The following config settings can be used to control aspects of the Scheduler.
However you can also look at other non-performance-related scheduler configuration parameters available at
:doc:`../configurations-ref` in ``[scheduler]`` section.
- :ref:`config:scheduler__max_dagruns_to_create_per_loop`
This changes the number of DAGs that are locked by each scheduler when
creating DAG runs. One possible reason for setting this lower is if you
have huge DAGs (in the order of 10k+ tasks per DAG) and are running multiple schedulers, you won't want one
scheduler to do all the work.
- :ref:`config:scheduler__max_dagruns_per_loop_to_schedule`
How many DagRuns should a scheduler examine (and lock) when scheduling
and queuing tasks. Increasing this limit will allow more throughput for
smaller DAGs but will likely slow down throughput for larger (>500
tasks for example) DAGs. Setting this too high when using multiple
schedulers could also lead to one scheduler taking all the DAG runs
leaving no work for the others.
- :ref:`config:scheduler__use_row_level_locking`
Should the scheduler issue ``SELECT ... FOR UPDATE`` in relevant queries.
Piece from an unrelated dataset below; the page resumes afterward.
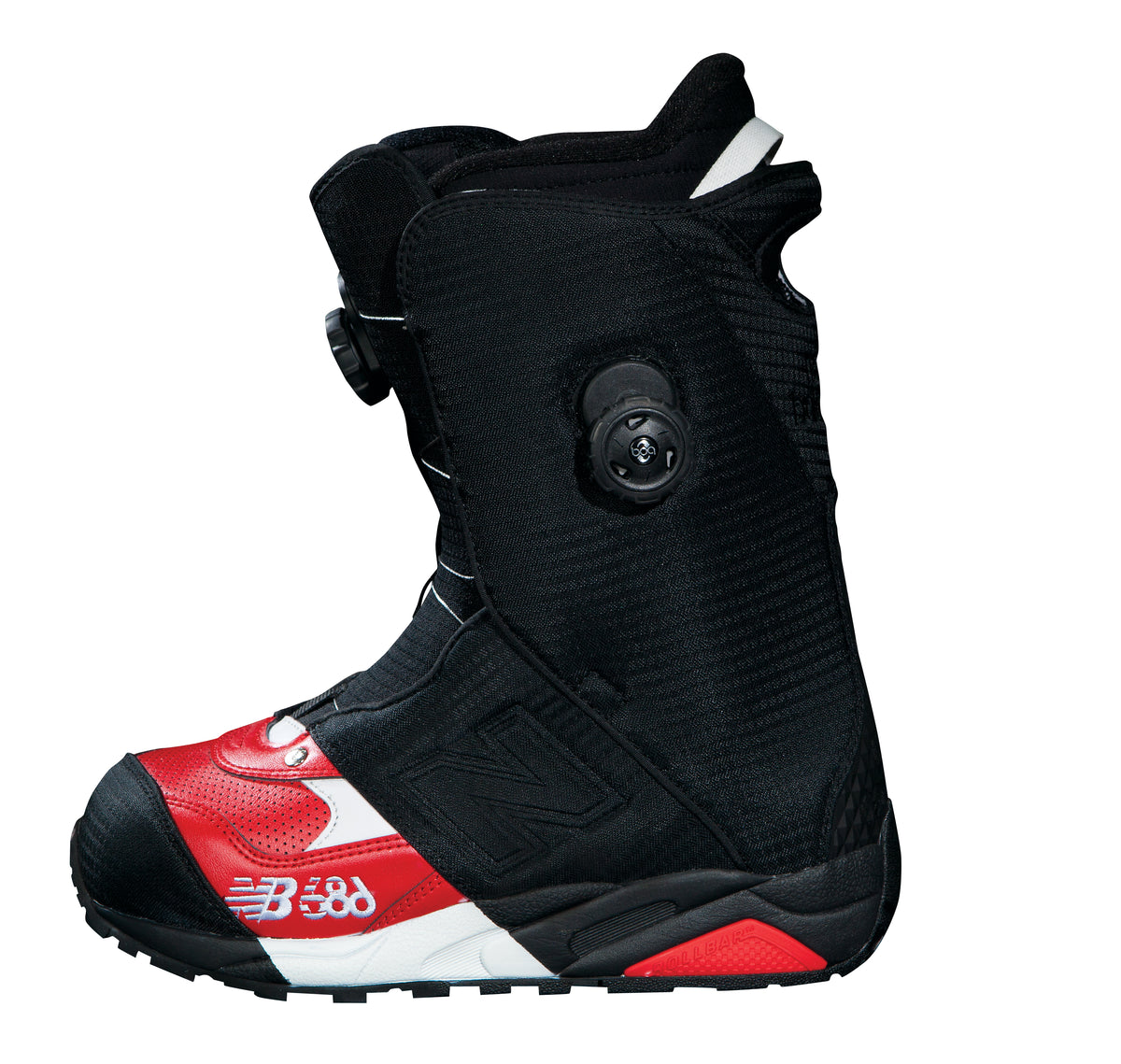 686 Focus Boa 580 Snowboard Boots 2012 Black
If this is set to False then you should not run more than a single
scheduler at once.
- :ref:`config:scheduler__pool_metrics_interval`
How often (in seconds) should pool usage stats be sent to statsd (if
statsd_on is enabled). This is a *relatively* expensive query to compute
this, so this should be set to match the same period as your statsd roll-up
period.
- :ref:`config:scheduler__orphaned_tasks_check_interval`
How often (in seconds) should the scheduler check for orphaned tasks or dead
SchedulerJobs.
This setting controls how a dead scheduler will be noticed and the tasks it
was "supervising" get picked up by another scheduler. The tasks will stay
running, so there is no harm in not detecting this for a while.
When a SchedulerJob is detected as "dead" (as determined by
:ref:`config:scheduler__scheduler_health_check_threshold`) any running or
queued tasks that were launched by the dead process will be "adopted" and
monitored by this scheduler instead.
- :ref:`config:scheduler__dag_dir_list_interval`
How often (in seconds) to scan the DAGs directory for new files.
- :ref:`config:scheduler__file_parsing_sort_mode`
The scheduler will list and sort the DAG files to decide the parsing order.
- :ref:`config:scheduler__max_tis_per_query`
The batch size of queries in the scheduling main loop. If this is too high, SQL query
performance may be impacted by complexity of query predicate, and/or excessive locking.
Additionally, you may hit the maximum allowable query length for your db.
Set this to 0 for no limit (not advised).
- :ref:`config:scheduler__min_file_process_interval`
Number of seconds after which a DAG file is re-parsed. The DAG file is parsed every
min_file_process_interval number of seconds. Updates to DAGs are reflected after
this interval. Keeping this number low will increase CPU usage.
- :ref:`config:scheduler__parsing_processes`
The scheduler can run multiple processes in parallel to parse DAG files. This defines
how many processes will run.
- :ref:`config:scheduler__processor_poll_interval`
Controls how long the scheduler will sleep between loops, but if there was nothing to do
in the loop. i.e. if it scheduled something then it will start the next loop
iteration straight away. This parameter is badly named (historical reasons) and it will be
renamed in the future with deprecation of the current name.
- :ref:`config:scheduler__schedule_after_task_execution`
Should the Task supervisor process perform a “mini scheduler” to attempt to schedule more tasks of
the same DAG. Leaving this on will mean tasks in the same DAG execute quicker,
but might starve out other DAGs in some circumstances.